Después de un Uruguay-Perú entrete, donde los uruguayos buscaron y los peruanos encontraron, vino el Chile-México y el clima era de absurda confianza, como si todos hubieran vivido en el futuro y supieran que ese partido ya se ganó. Era claro: Chile podía ser su peor enemigo.
En una pizzería a las 10 de la noche estaba lleno de familias completas —papá mamá hijos grandes y chicos abuelas— llegando recién a comer algo. El mismo escenario en Santiago no se puede replicar: a la misma hora de un lunes, la gente se está yendo, los locales cierran, la ciudad se empieza a morir. Acá recién estaba empezando.

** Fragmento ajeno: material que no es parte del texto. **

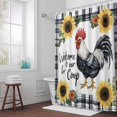 thumbnail image 5 of White Black Rooster Sunflower Fabric Shower Curtain Retro Floral Washable Shower Curtains for Bathroom, Waterproof Bath Curtain with Hooks Home Decor 72x72in, 5 of 8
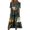 Dark Green, variant on Halloween Print Women Midi Dresses, Round Neck Casual Fashion Dress With Side Pockets Cute Cat Pumpkin Print Loose Daily Halloween Holiday Outfit Orange XL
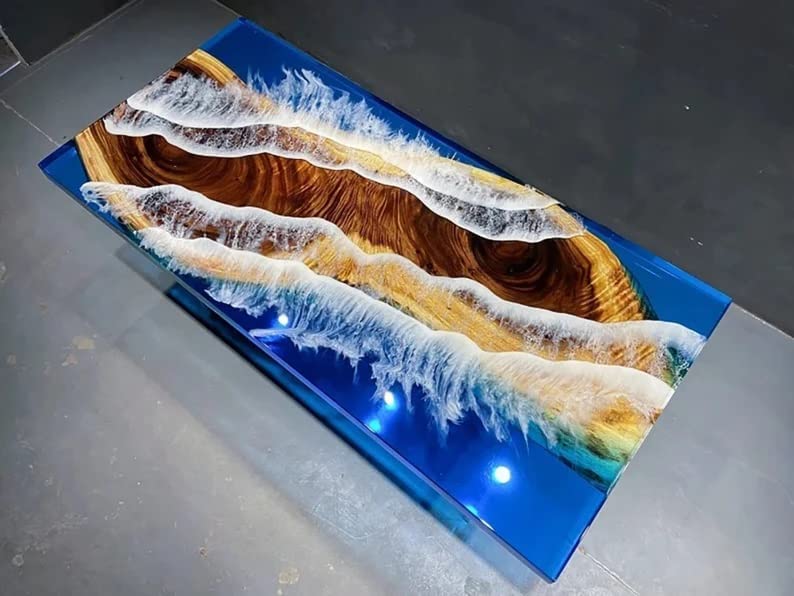 Personalized Large EPOXY Table, Resin Dining Table for 2, 4, 6, 8 River Dining Table Top, Wood Epoxy Coffee Table Top, Living Room Table-Tuzech store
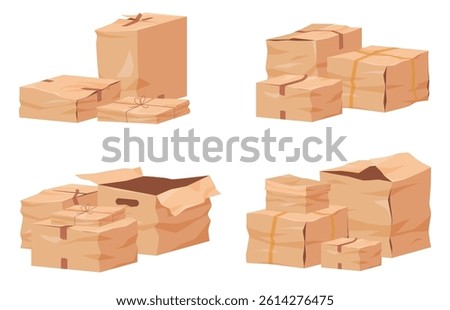 Damaged cardboard boxes. Torn and bent transport packaging. Damaged parcels and cargo. Vector illustration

Habían por ahí sentados unos chilenos piola, casi escondidos en sus parkas, volviendo a jugar el papel de chilenos normales. También había otro, pero que hablaba como argentino y se llamaba Juan.

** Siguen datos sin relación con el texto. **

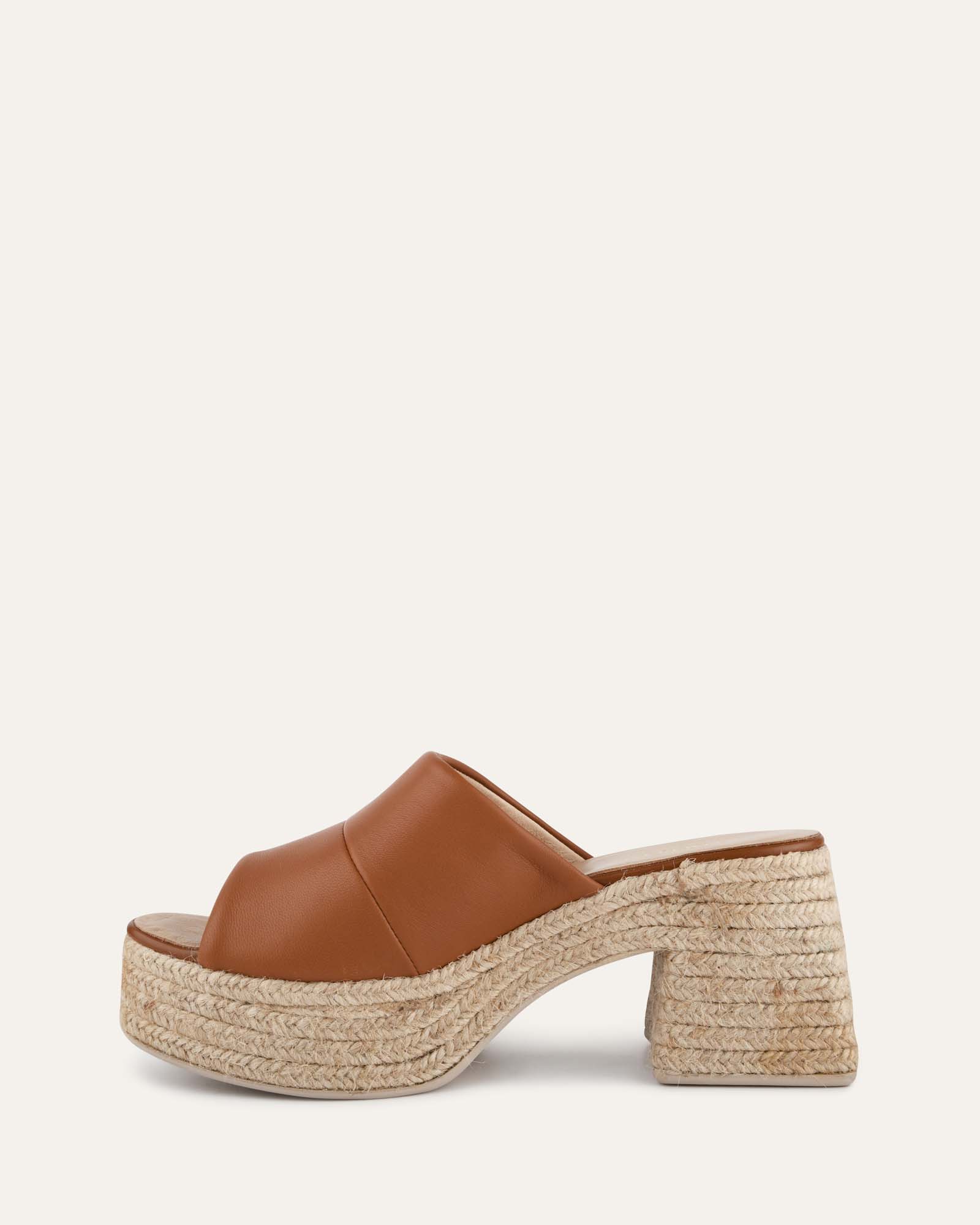 Kristen Women's High Heel Espadrille Sandals - Tan Leather Summer Wedges for Beach, Wedding & Party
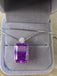 # 354 Purple Artificial Gem Radiant Cut S925 Sterling Silver Ring Earing Necklace Set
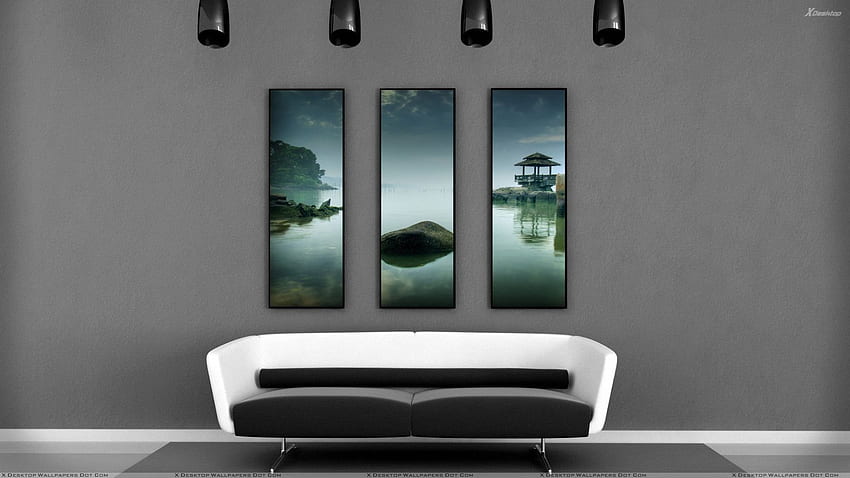 Interior minimalista da sala de estar papel de parede HD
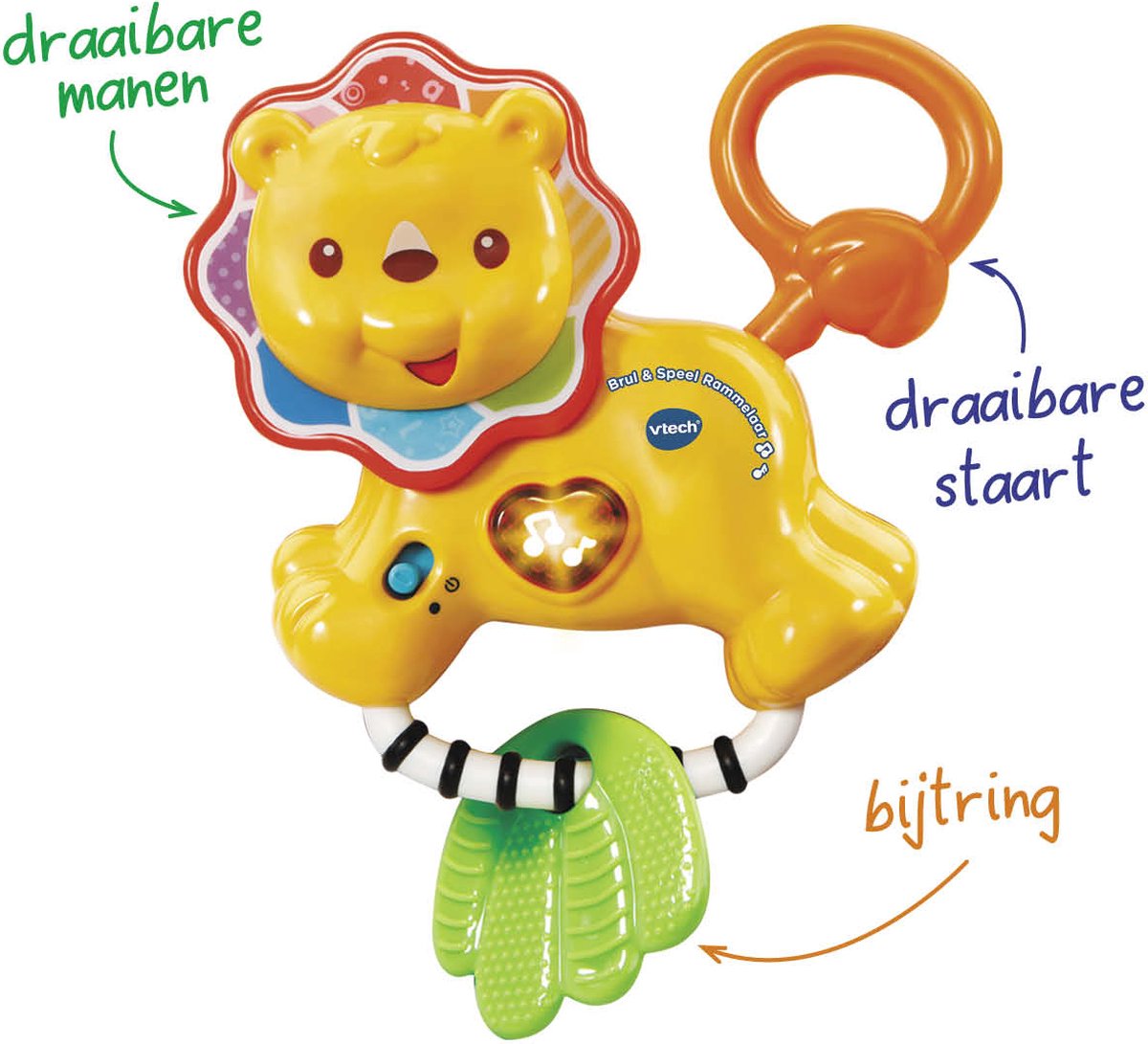Vtech Rammelaar Brul & Speel Met Muziek 14 Cm - Geel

Juan: un chileno que terminó de crecer en Argentina y que habla, come y piensa como si hubiese nacido ahí. Dijo que se siente chileno, pero quizá se le nota sólo en la cara de estudiante tímido y mal afeitado, con sus lentes y su ojo derecho que mira a cualquier lado.
Es raro, porque Juan dijo sentirse chileno y ser hincha de la selección, pero mientras habla sólo se le ve elogiar la cultura argentina —o mendocina, en este caso— y demostrar lo orgulloso que se siente de pertenecer a ella. Primero, dijo, porque las minas son mejores. Segundo, siguió, porque la comida es mejor (“acá la gente está acostumbrada a comer bien y sin pagar mucho. En Chile es al revés”). Y tercero, porque estudia gratis y sólo paga $80 chilenos en su pasaje de micro.

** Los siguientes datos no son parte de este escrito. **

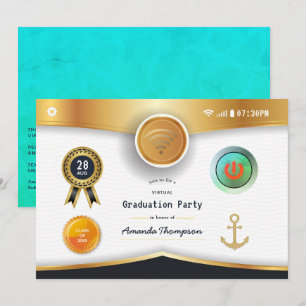 Nautical Virtual Graduation Party Einladung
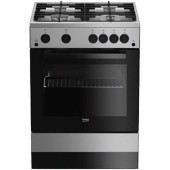 Beko Aragaz Beko FSGT62130DXO, 4 arzatoare, aprindere electrica plita si cuptor, grill gaz, rotisor, Inox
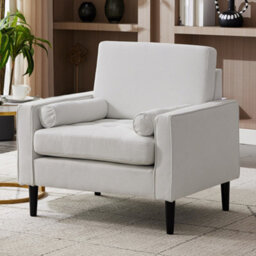 Living And Home Mid-Century Beige Linen Single Sofa Armchair With Armrest Pillow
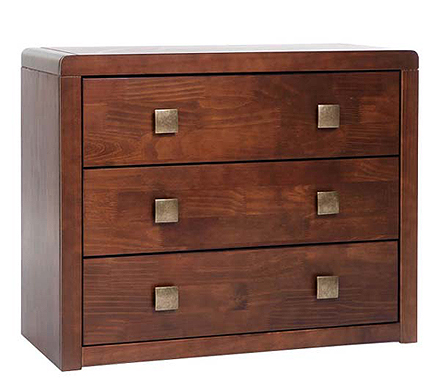 Reya Dark Stain Solid Pine 3 Drawer Chest -
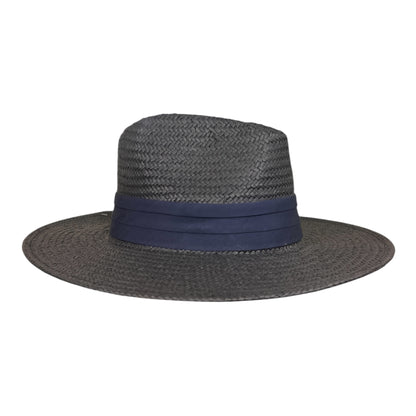 POKIS — Black Wide Brim Summer Straw Hat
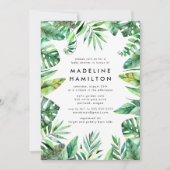 熱帯林フレーム男女兼用赤ちゃんシャワー 招待状 (正面)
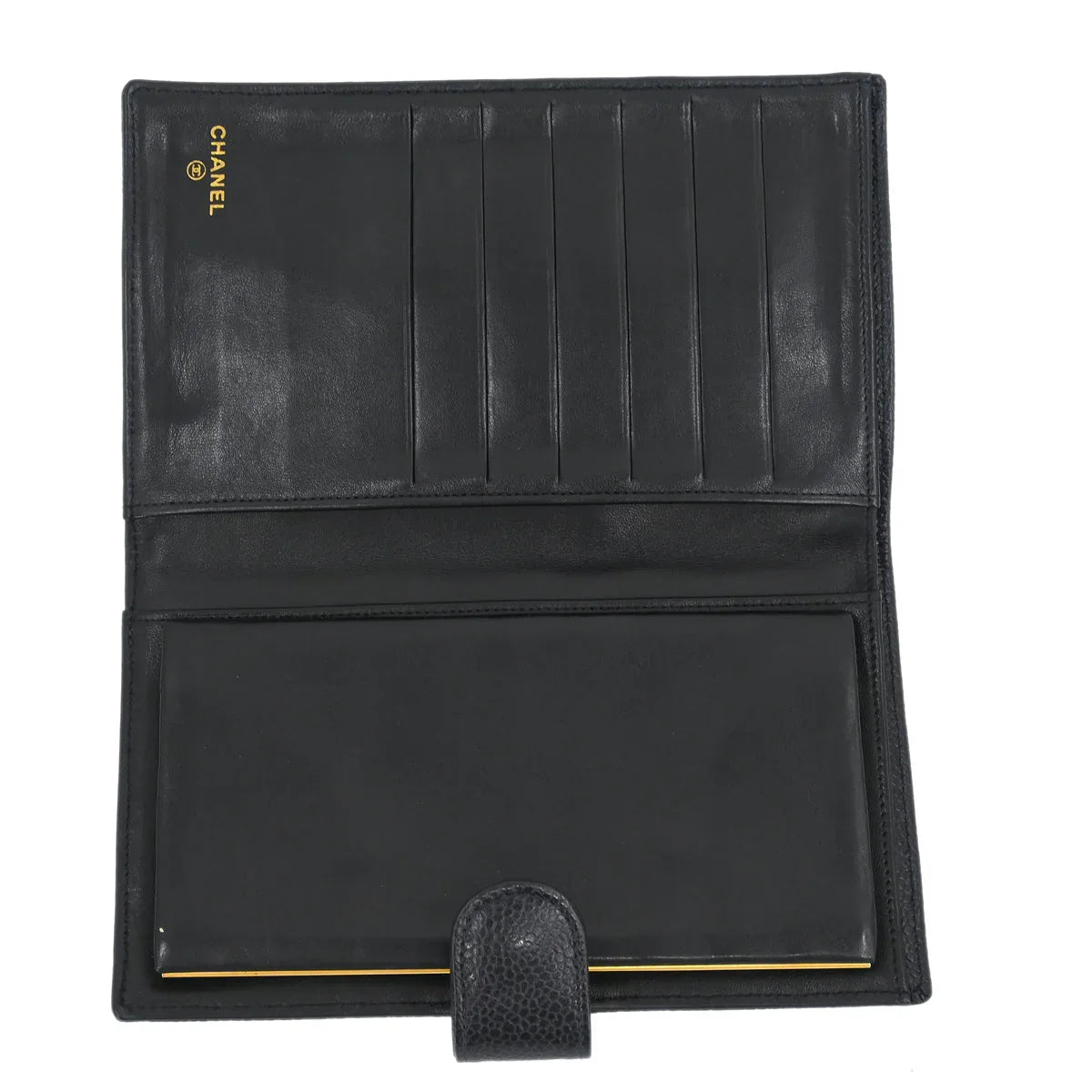 Chanel 1996-1997 Black Caviar Long Bifold Wallet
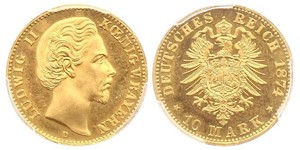 10 Mark Königreich Bayern (1806 - 1918) Gold Ludwig II. (Bayern)(1845 – 1886)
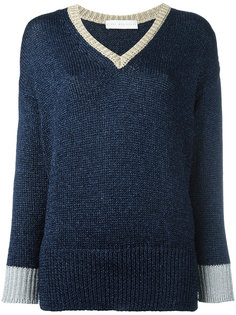свитер с контрастным V-образным вырезом Giada Benincasa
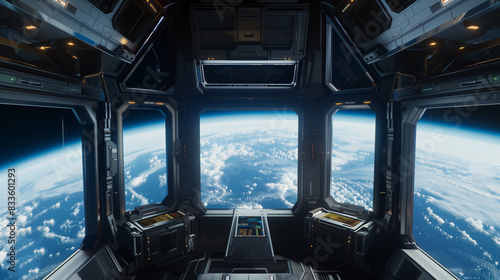 Fototapeta Naklejka Na Ścianę i Meble -  spaceship window with sunrise over planet view, space station porthole illuminator with planetary sunset view, astronomy background concept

Mientras, en la tele, Chile parecía ser todavía un equipo entrenado por Bielsa: la misma intensidad, la misma presión, la misma falta de finiquito. A Sánchez se le veía participativo pero nervioso, y a Suazo lento. Borghi insistió con Medel y Vidal en el medio, que acompañaban bien los ataques pero se les iban las marcas. Los argentinos que relataban en TyC el partido elogiaban el juego de la selección, pero pronosticaban el drama que se vendría si se demoraban en hacer el gol, si se seguían apurando tanto en la definición. Predicción cumplida.
Los mendocinos, me dijo Juan, odian a los chilenos. Secretamente, quizá. No te lo van a decir nunca. Porque pueden ser los más amables del mundo cuando tienen que atenderlos o venderles algo, pero en el fondo, decía Juan, los odian, y les revienta las pelotas que estén dejando la cagá y gritando sus gritos por donde van. Que estén apoderándose de su ciudad.
En Mendoza hay también bolivianos y peruanos, pero entre ellos se llevan bien, y los argentinos no les dan bola. No les molesta su presencia. Pero Juan dijo que a los chilenos los odian todos: bolivianos peruanos argentinos todos. Y parece verdad: cada vez que suena un ceacheí fuerte, de esos que salpican saliva, uno ve en el resto esa sonrisa que trata de simular la ebullición que vive por dentro cada mendocino cuando escucha a un chileno enrostrarle su chilenidad, como si fuera una especie de pueblo bárbaro, una tribu de trogloditas que viene a intervenir la civilización. Y así lo soportan y resisten: porque ellos, viste, son el país culto de la región.
Chile buscó y buscó por abajo, con paredes apuras y pases profundos muy profundos, pero los goles llegaron por arriba. Un córner luchado y un cabezazo de Vidal calcado al que le hizo a Venezuela por eliminatorias. Fórmula más que válida para destapar partidos que se complican solos, que se enredan por pura ansiedad, que casi se pierden de pura ilusión acumulada. Lo bueno es que el estilo no cambió como esperábamos todos, que se salió a presionar, a atacar y a proponer.
Mientras los favoritos se lamentan, Chile ocupa el vacío de buen juego que tenía la Copa, encanta a los medios argentinos y enloquece a las miles de muchas camisetas rojas que atestan la ciudad. Estará lindo ver cómo es que Mendoza soporta a un enjambre de agrandados chilenos, que crecerá en número y en zumbido.